§ **THE TASK**: Only one stretch of the data below is wanted: the lines starting at the one with "I'm going to finish" and ending at the one with "The Octane gets", both included, given again exactly.

Data extracted from a collection:
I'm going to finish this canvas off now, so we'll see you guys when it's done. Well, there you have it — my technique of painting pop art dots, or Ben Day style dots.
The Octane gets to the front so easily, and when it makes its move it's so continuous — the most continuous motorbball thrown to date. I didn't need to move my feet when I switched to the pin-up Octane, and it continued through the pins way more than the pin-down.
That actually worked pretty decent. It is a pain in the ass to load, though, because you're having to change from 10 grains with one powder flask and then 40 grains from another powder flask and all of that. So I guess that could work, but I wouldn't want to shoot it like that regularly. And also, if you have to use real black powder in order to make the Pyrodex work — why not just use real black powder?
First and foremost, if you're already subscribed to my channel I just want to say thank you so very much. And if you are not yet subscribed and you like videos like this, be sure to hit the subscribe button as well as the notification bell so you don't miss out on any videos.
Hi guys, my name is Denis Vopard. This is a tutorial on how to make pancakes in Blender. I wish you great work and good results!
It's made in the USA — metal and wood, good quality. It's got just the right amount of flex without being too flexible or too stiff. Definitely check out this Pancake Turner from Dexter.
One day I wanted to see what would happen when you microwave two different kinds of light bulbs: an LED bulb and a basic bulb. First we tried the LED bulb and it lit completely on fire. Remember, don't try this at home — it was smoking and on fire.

...

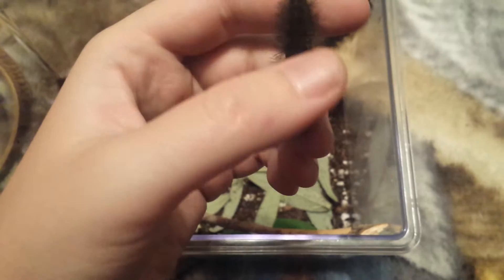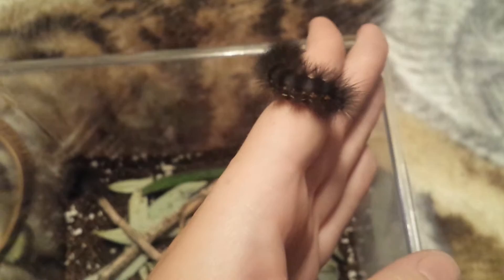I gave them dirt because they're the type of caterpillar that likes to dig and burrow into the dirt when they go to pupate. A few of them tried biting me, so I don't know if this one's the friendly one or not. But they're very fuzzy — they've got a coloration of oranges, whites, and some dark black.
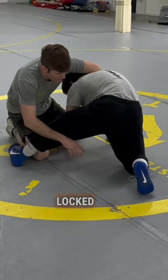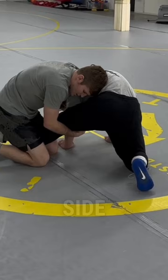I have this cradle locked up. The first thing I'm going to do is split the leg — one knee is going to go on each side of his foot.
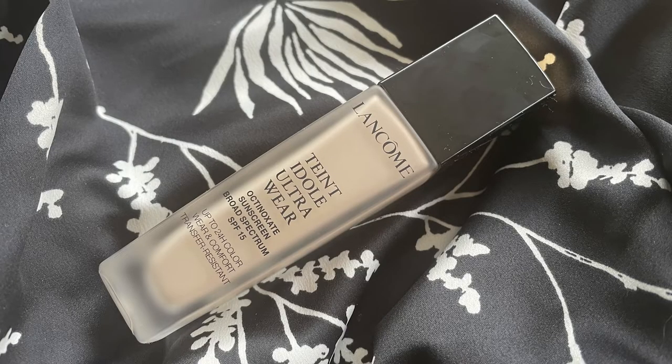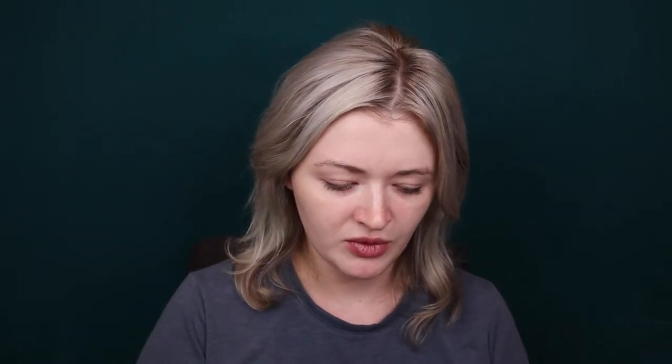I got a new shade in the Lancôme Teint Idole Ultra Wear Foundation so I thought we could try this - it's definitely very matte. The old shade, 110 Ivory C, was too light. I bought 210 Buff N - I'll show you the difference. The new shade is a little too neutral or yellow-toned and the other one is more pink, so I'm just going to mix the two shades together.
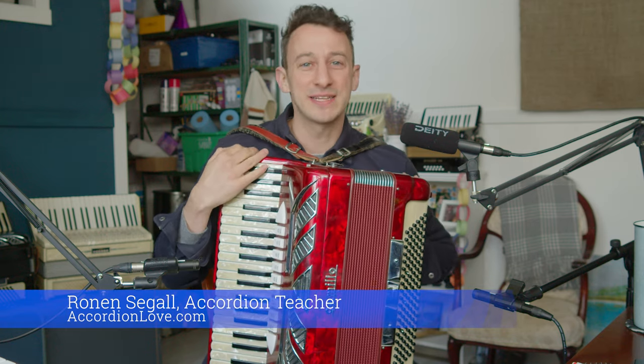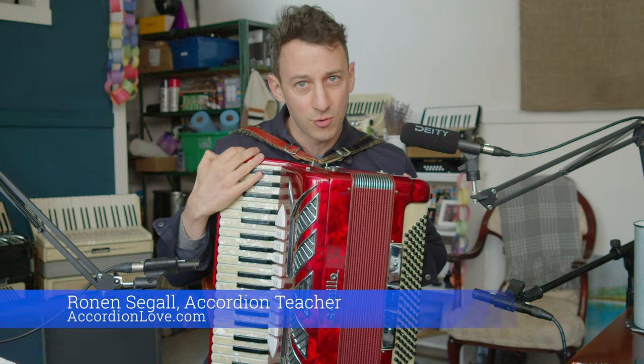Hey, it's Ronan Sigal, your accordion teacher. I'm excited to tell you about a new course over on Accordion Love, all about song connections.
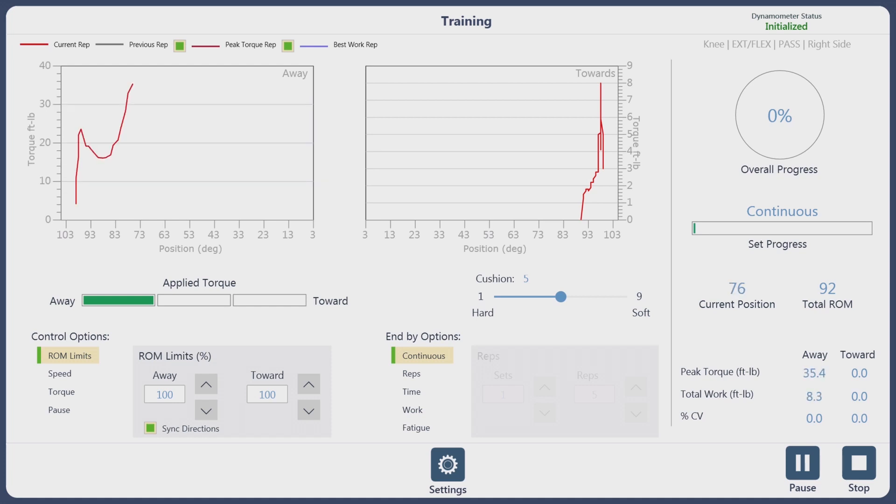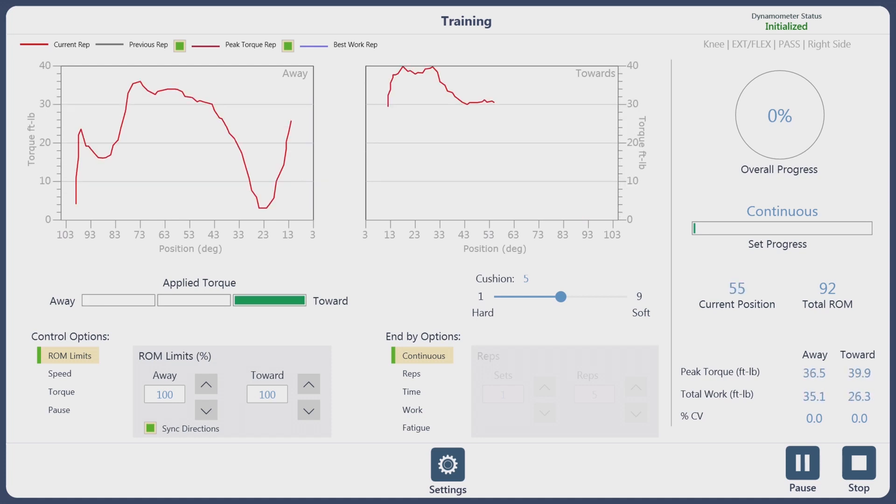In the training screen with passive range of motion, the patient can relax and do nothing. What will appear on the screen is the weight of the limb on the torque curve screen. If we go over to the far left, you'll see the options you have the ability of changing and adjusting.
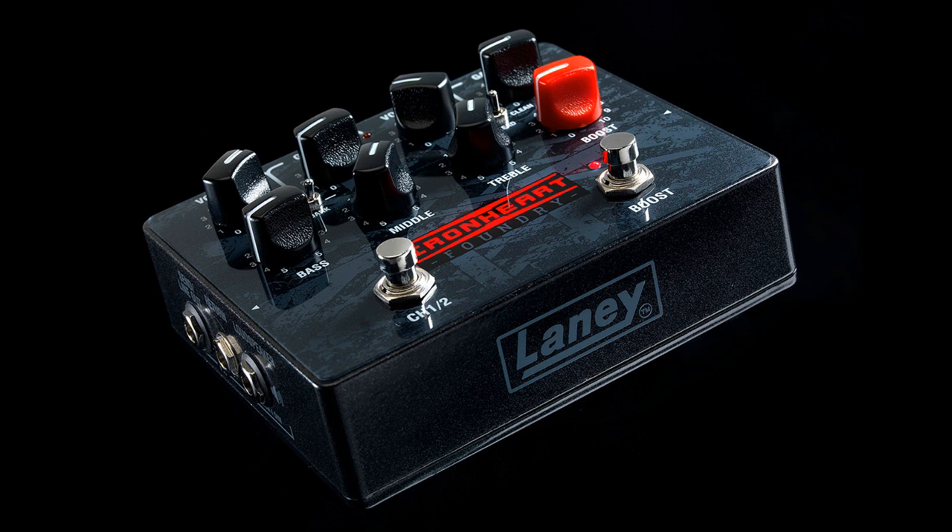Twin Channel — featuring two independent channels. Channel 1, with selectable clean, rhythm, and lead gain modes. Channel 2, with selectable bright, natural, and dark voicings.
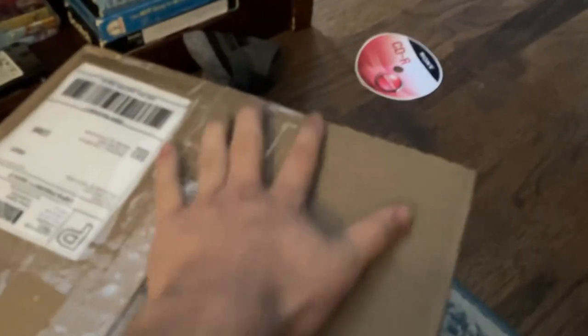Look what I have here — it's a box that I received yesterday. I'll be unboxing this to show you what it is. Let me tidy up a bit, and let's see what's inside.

§ **SOLUTION TO THIS TASK**:
I'm going to finish this canvas off now, so we'll see you guys when it's done. Well, there you have it — my technique of painting pop art dots, or Ben Day style dots.
The Octane gets to the front so easily, and when it makes its move it's so continuous — the most continuous motorbball thrown to date. I didn't need to move my feet when I switched to the pin-up Octane, and it continued through the pins way more than the pin-down.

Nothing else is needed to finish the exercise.